• [What to produce] Copy out the entries that follow, exactly as written.

[Brief descriptive captions]
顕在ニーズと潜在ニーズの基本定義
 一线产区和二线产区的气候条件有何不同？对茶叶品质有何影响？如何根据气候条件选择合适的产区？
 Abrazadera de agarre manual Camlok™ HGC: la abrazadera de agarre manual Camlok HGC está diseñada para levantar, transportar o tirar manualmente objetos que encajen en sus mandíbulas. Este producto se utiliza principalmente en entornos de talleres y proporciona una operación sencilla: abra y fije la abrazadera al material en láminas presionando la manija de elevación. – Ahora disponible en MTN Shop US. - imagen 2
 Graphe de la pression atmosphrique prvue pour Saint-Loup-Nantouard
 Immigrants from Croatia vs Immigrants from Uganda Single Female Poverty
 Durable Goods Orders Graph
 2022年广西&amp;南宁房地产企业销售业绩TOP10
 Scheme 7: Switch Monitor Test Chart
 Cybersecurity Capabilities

• [Task response]
顕在ニーズと潜在ニーズの基本定義
 一线产区和二线产区的气候条件有何不同？对茶叶品质有何影响？如何根据气候条件选择合适的产区？
 Abrazadera de agarre manual Camlok™ HGC: la abrazadera de agarre manual Camlok HGC está diseñada para levantar, transportar o tirar manualmente objetos que encajen en sus mandíbulas. Este producto se utiliza principalmente en entornos de talleres y proporciona una operación sencilla: abra y fije la abrazadera al material en láminas presionando la manija de elevación. – Ahora disponible en MTN Shop US. - imagen 2
 Graphe de la pression atmosphrique prvue pour Saint-Loup-Nantouard
 Immigrants from Croatia vs Immigrants from Uganda Single Female Poverty
 Durable Goods Orders Graph
 2022年广西&amp;南宁房地产企业销售业绩TOP10
 Scheme 7: Switch Monitor Test Chart
 Cybersecurity Capabilities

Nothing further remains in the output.